Tuesday, March 9, 2010

Running Phylip as a process

This post is in the category of a "note to myself." I need to work harder on phylogenetics, and in particular, on maximum likelihood methods. I went to Joe Felsenstein's site to get Phylip.

The current version is 3.69. I downloaded the one compiled for OS X. It contains a directory full of executables with names like dnaml.app. If you double-click one of those, it will bring up a Terminal window and you can run the program interactively, specifying the necessary infile path and desired settings, etc. There is also a symbolic link to the actual executable which is inside the bundle.

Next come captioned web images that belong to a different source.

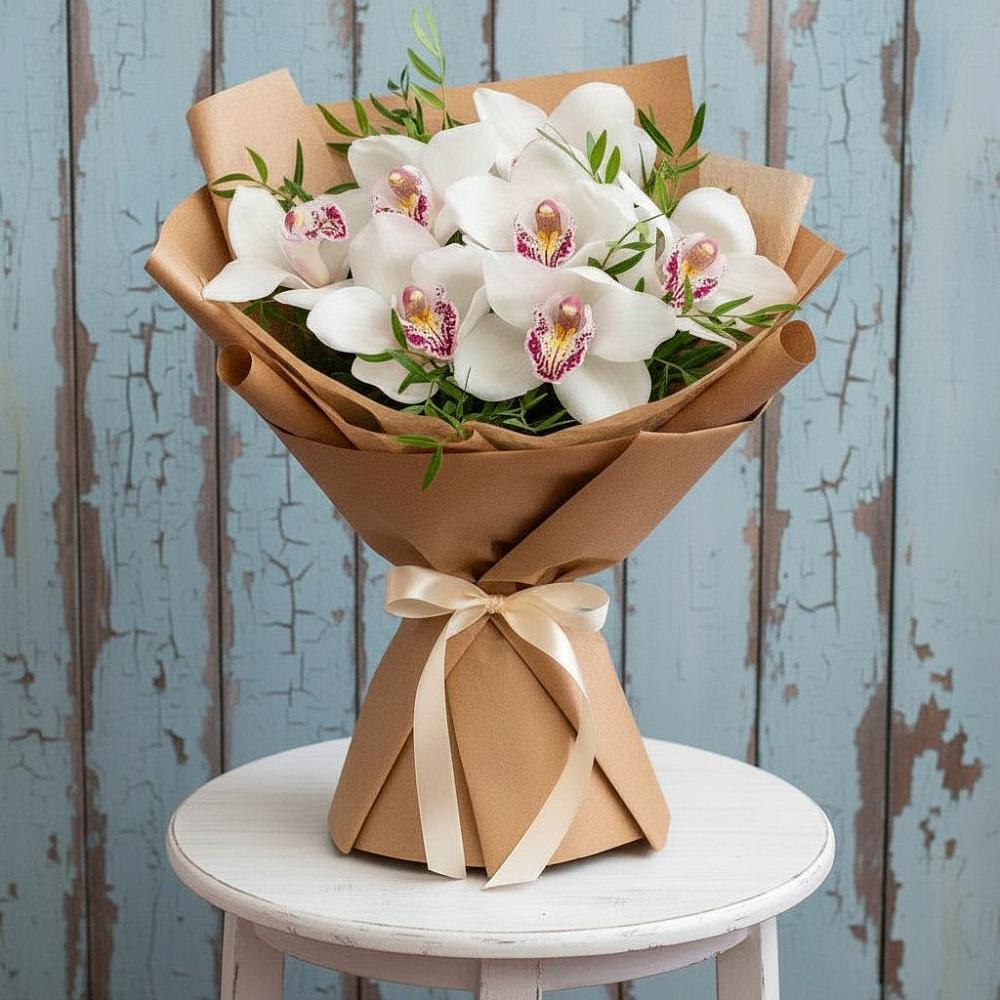 Букет цветов из: Орхидеи и Розы в Умёт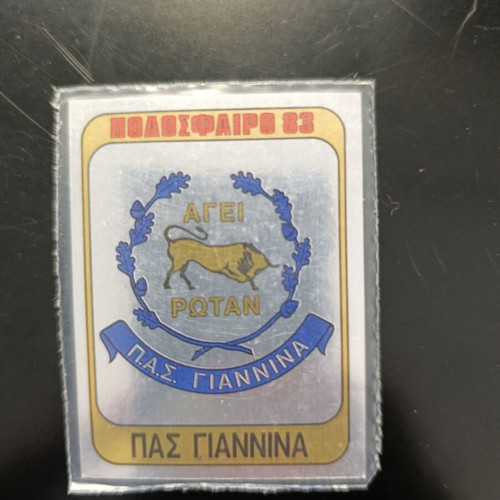 Panini Football 83 sticker, PAS Giannina badge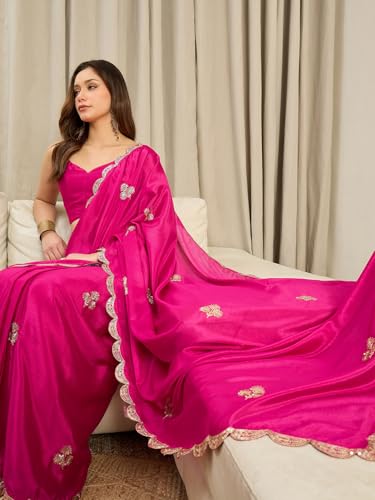 Image of AKHILAM Women's Shimmer Pure Georgette Embroidered Ready To Wear one Minute Saree With Unstitched Blouse Piece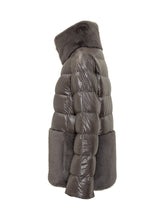 Piumino Grigio con Inserti in Pelliccia Herno - Herno | Lidia Shopping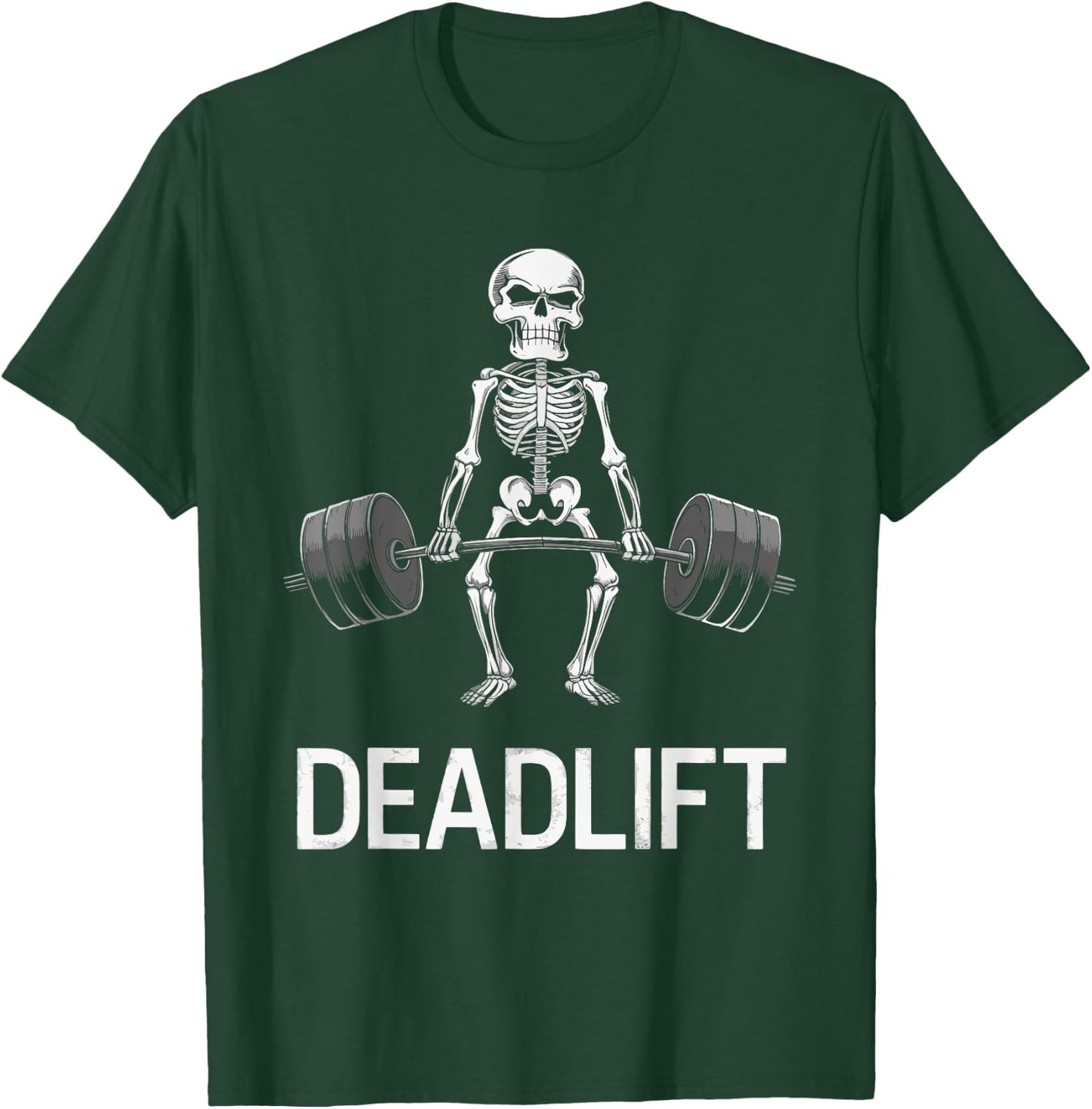 Skeleton Deadlift Spooky Weightlifting Workout T-Shirt - T-Shirt | Forest
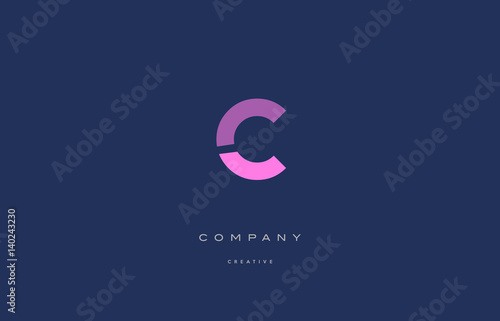 c pink blue alphabet letter logo icon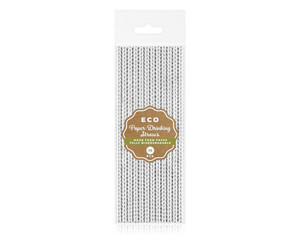 Paper Drinking Straws 12pcs, silver pattern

I wanted more flexibility than this, for example, to run a program from any directory and have the output written there. As a test, I chose the dnadist program, which calculates distances for an alignment under different models. I put a link into the directory ~/bin:

ln -s ~/Software/phylip-3.69/exe/dnadist.app/Contents/MacOS/dnadist ~/bin/dnadist

Since I have ~/bin on my $PATH, if I'm on the Desktop I can just do:
$ dnadist

But we can do more than this. I would like to run the program as a separate process from Python. In order to do that I need a way to anticipate and respond to the interactive prompts. Phylip provides access, though it is a little clunky. We need to issue a command to the shell something like:

dnadist < responses > screenout &


We invoke the program with our input placed in a file. It doesn't seem to take an infile name on the command line in this mode. So we put that path (and it has to be a full path) on the first line of the file responses. The sequence file format must be .phy format. Luckily clustal will write this.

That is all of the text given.